SOUND JUDGEMENT
THE LATEST ALBUM RELEASES RATED AND REVIEWED
INNER WORLD DALAI LAMA ★★★★★
TO say Inner World is probably the best debut album by an octogenarian you’ll hear this year underplays its quality.
Released to mark the Dalai Lama’s 85th birthday on July 6, this collection of mantras and chants goes beyond novelty.
Opener One Of My Favourite Prayers starts with a flute-like instrument, before the Dalai Lama introduces it in English, saying he daily repeats it up to 100 times.
The gruff spoken words contrast with the beauty of Junelle and Abraham Kunin’s music performed on more than 30 instruments with a cast of people from around the world, including renowned sitar player Anoushka Shankar.
All proceeds go to charity
FIRST ROSE OF SPRING WILLIE NELSON ★★★★★
THE grizzled drawl, the yearning of a pedal steel, the boxy sound of an acoustic guitar: it must be Willie Nelson!

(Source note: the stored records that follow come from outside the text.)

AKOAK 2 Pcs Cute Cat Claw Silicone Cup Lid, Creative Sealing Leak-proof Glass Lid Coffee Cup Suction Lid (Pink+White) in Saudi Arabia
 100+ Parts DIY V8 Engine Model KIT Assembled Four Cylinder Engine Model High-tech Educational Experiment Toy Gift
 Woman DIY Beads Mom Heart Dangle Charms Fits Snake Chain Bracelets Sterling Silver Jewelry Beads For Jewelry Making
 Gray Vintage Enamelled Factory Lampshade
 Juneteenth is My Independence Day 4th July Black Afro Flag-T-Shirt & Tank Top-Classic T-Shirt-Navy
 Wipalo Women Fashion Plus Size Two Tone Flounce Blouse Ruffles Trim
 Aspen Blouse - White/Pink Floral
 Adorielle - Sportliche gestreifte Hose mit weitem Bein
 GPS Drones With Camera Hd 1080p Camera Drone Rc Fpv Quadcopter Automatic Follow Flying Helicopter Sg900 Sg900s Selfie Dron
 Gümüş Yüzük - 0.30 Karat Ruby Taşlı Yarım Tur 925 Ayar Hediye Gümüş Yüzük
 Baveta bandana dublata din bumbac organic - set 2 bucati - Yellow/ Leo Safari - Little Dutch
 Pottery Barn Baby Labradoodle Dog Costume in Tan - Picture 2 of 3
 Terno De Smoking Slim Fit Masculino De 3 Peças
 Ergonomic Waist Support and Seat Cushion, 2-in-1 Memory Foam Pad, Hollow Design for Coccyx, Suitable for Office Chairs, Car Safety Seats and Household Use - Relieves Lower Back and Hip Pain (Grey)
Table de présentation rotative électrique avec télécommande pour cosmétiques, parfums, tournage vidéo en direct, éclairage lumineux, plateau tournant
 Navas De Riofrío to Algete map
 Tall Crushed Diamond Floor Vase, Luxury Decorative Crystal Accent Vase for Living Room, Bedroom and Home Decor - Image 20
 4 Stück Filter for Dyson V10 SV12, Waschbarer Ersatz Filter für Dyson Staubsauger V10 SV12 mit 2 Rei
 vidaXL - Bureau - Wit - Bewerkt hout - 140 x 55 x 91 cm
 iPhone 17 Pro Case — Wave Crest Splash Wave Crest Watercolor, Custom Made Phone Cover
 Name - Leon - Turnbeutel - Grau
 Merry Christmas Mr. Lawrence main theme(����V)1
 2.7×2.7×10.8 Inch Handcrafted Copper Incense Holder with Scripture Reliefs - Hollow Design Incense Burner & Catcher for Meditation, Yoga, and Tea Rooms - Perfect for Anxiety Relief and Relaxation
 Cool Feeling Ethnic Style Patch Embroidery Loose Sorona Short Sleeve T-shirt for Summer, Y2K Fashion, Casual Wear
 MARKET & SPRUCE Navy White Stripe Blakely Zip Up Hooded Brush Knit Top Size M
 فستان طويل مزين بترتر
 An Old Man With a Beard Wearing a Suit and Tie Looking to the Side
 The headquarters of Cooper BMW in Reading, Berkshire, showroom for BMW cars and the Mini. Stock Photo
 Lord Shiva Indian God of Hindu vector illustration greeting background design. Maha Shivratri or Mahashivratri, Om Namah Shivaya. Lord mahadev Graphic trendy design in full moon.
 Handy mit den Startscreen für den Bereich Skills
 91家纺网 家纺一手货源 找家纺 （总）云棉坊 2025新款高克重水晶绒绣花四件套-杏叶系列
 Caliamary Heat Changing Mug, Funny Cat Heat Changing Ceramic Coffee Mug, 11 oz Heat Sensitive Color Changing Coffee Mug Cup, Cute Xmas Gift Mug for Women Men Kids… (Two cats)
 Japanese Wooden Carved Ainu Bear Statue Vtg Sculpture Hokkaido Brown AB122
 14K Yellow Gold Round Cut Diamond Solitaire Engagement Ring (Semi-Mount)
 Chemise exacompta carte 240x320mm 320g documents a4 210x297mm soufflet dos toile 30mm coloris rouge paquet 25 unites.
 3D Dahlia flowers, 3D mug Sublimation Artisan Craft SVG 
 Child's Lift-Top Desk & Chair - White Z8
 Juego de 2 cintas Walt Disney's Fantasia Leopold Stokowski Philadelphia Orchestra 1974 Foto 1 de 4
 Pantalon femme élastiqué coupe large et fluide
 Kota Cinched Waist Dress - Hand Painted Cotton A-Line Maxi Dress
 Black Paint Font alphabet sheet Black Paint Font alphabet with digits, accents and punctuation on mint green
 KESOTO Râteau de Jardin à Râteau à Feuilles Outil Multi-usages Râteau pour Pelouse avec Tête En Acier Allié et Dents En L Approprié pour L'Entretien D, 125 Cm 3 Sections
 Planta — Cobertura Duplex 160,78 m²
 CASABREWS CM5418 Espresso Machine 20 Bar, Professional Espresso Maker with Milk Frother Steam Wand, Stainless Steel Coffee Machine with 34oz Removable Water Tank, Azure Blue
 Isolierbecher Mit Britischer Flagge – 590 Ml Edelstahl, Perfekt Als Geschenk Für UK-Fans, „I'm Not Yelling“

First Rose of Spring sees Shotgun Willie almost entirely in reflective mode, culminating in a lush version of the standard Yesterday When I Was Young.
The sole exception to this ballad-heavy album is the puckish The Only Hell My Mama Ever Raised, whose protagonist’s backstory is decidedly similar to our present singer’s.
He most successfully pulls at the heartstrings on the beautifully elegiac Stealing Home, but elsewhere his sentimentality becomes a little cloying.
HALF LIGHT HENRY GREEN ★★★★★
LAST year, Henry Green left Bristol for a sleepy Wiltshire village and began work on his second album. The result is a dreamy, sensuous work that captures the earthy and natural, and deftly combines it with the synthetic and electronic.
While not widely known, Green has some high-profile fans: actress Jenna Dewan, who has performed to his songs, and producer Kygo.
If Green’s music strays towards the grandiose at times, with strings that soar a little too high, all can be forgiven – Half Light is a soothing listen that reveals layers on repeat listening.